- Poster
- Directed by: Tony Olmos
- Written by: Tony Olmos
- Produced by: Ryan Binse; Jeanette Di Pinza; George Jac; Tony Olmos; Luke Pensabene;
- Starring: Brian Patrick Butler; George Jac; Jennifer Paredes; Kathryn Schott; Raye Richards; Luke Pensabene; Shane P. Allen; Michael C. Burgess;
- Cinematography: Tony Olmos
- Edited by: Tony Olmos
- Music by: Sergio Corona
- Production company: Rosewood Five
- Distributed by: MultiVisionnaire Pictures
- Release dates: September 26, 2016 (Downtown Los Angeles Film Festival); July 30, 2019 (VOD);
- Running time: 91 minutes
- Country: United States
- Language: English
- Budget: $9,000

= South of 8 =

2016 American film by Tony Olmos

South of 8 is a 2016 American crime drama heist film written and directed by Tony Olmos in his directorial debut. The film stars Brian Patrick Butler, George Jac, Jennifer Paredes, Kathryn Schott, and Raye Richards.

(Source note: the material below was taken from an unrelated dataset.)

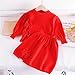 Infant Toddler Girls Long Sleeve Sweet Bow Sweater Two Piece Set Fashion Preppy Knit Two Dresses Baby (RD1, 6-7 Years)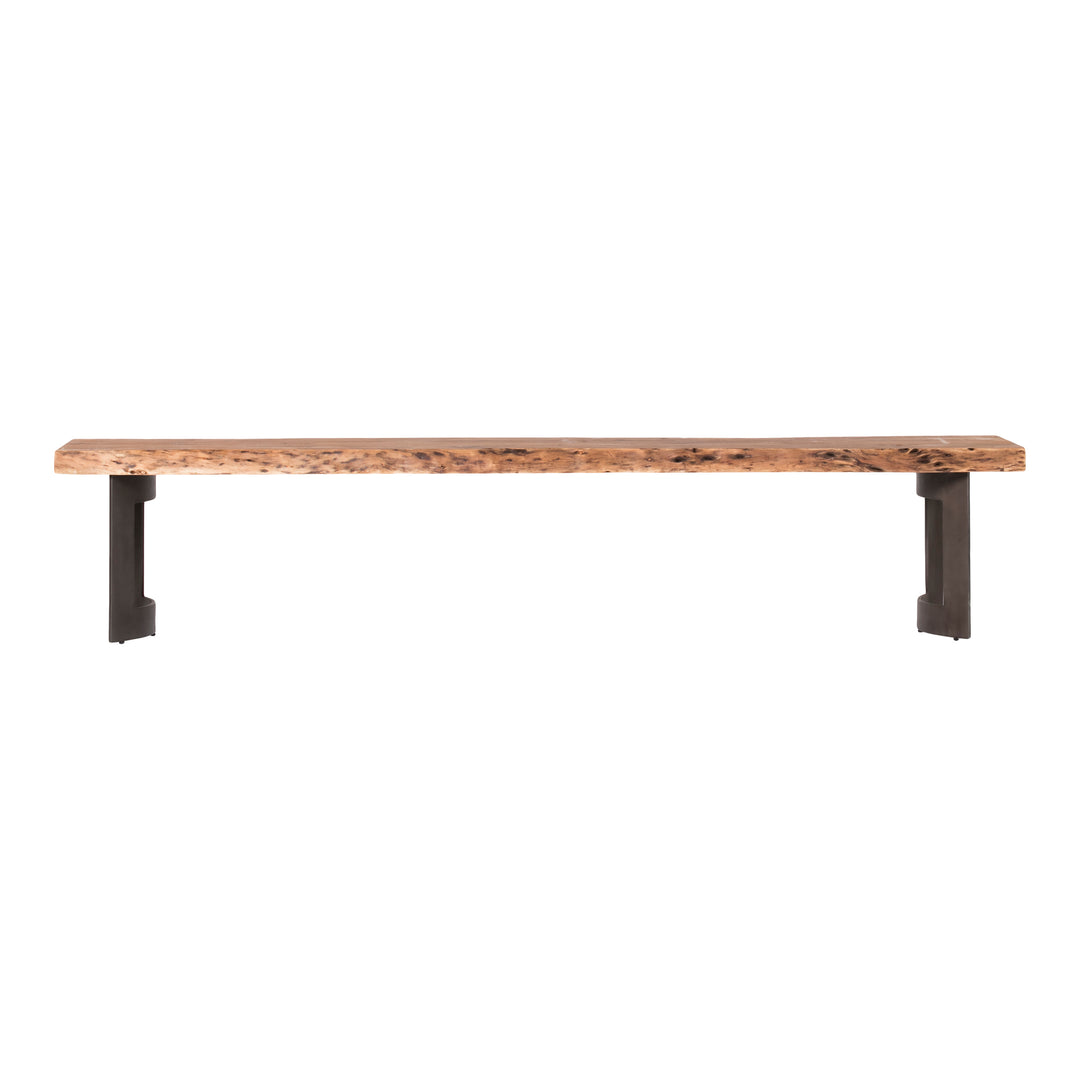 American Home Furniture | Moe's Home Collection - Bent Bench Small Smoked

The story is centered around a young group of criminals in San Diego knocking off banks in the dystopian future. It was made with a guerrilla filmmaking approach and premiered at the Downtown Los Angeles Film Festival in 2016 where it won Best Dramatic Screenplay.

== Plot ==
San Diego in the 2040s has unemployment and crime at an all-time high. Government surveillance, mass poverty and drought has decimated much of the population. Revolutionary groups and economic divide has caused society to be on the brink of another Great Depression in the United States.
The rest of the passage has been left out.